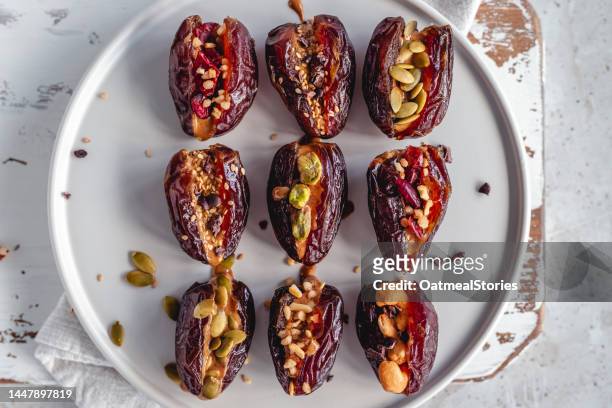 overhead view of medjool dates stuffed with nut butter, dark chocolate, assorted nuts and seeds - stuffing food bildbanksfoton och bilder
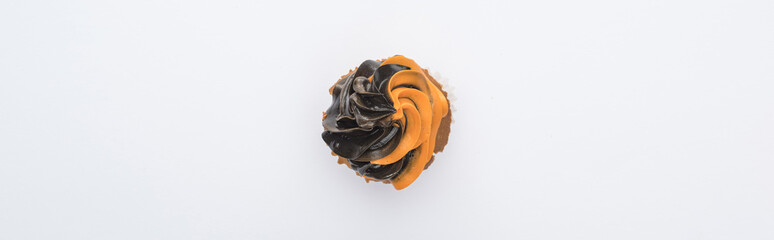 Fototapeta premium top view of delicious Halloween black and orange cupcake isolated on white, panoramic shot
══════
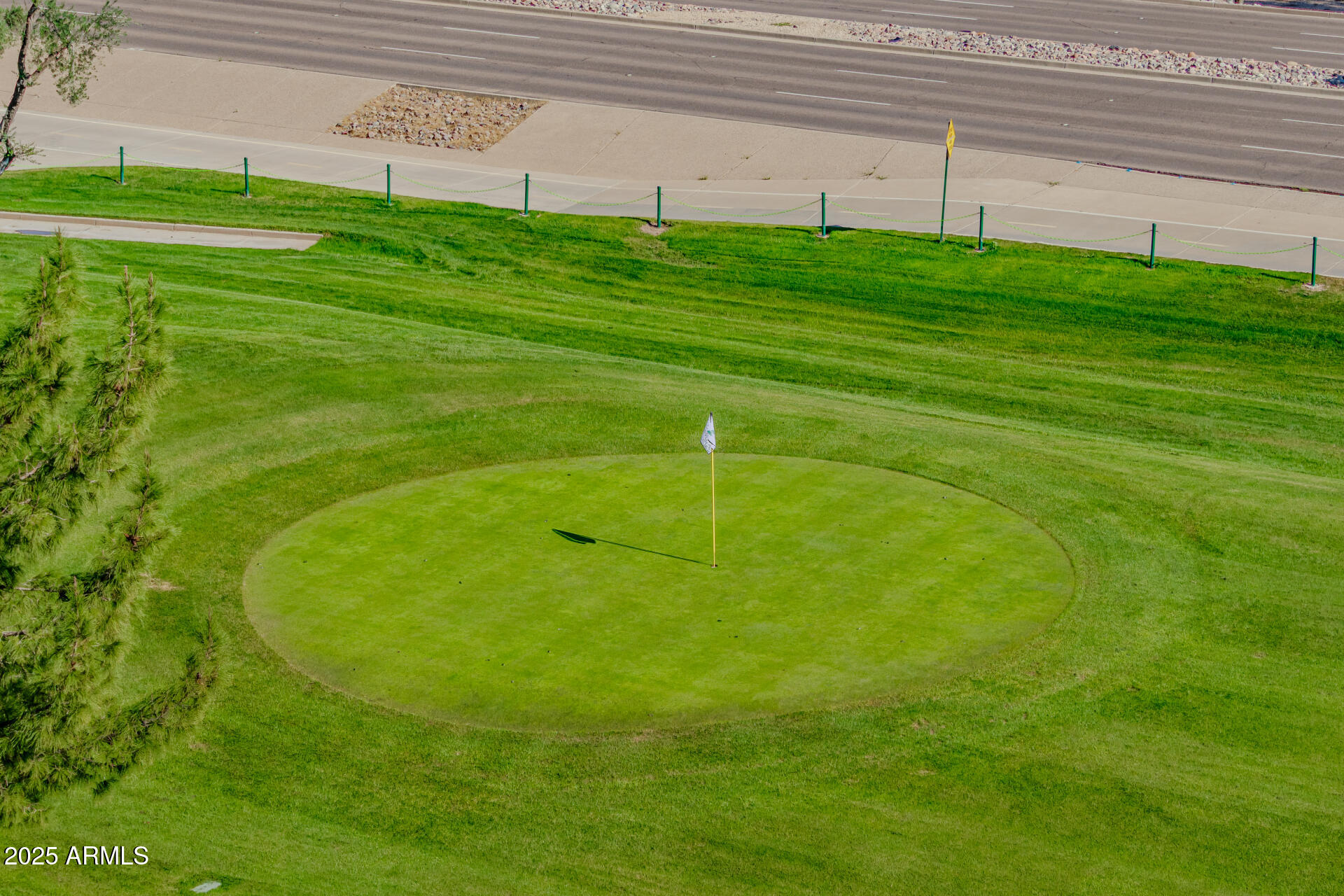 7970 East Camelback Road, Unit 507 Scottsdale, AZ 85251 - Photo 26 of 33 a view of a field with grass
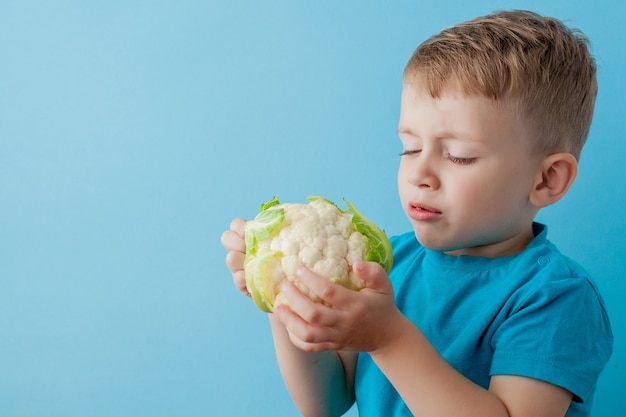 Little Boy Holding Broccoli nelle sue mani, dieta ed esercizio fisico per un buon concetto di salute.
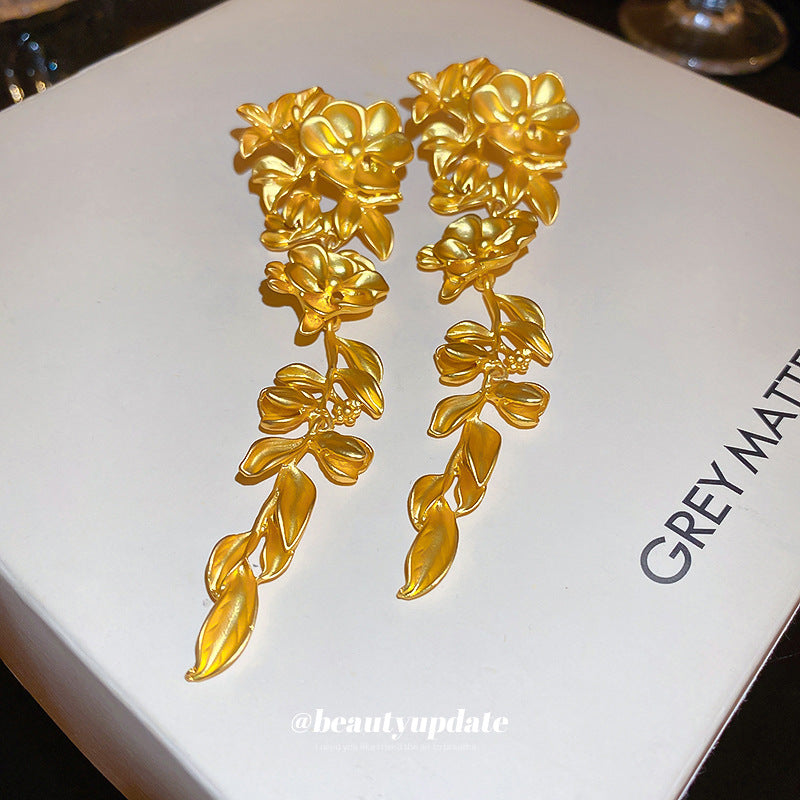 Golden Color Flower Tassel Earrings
══════
TASK INSTRUCTIONS: Leave out the images and write out the lines above exactly, from the one with "overhead view of" up to and including the one with "Fototapeta premium top".

EXERCISE OUTPUT:
 overhead view of medjool dates stuffed with nut butter, dark chocolate, assorted nuts and seeds - stuffing food bildbanksfoton och bilder
 Fototapeta premium top view of delicious Halloween black and orange cupcake isolated on white, panoramic shot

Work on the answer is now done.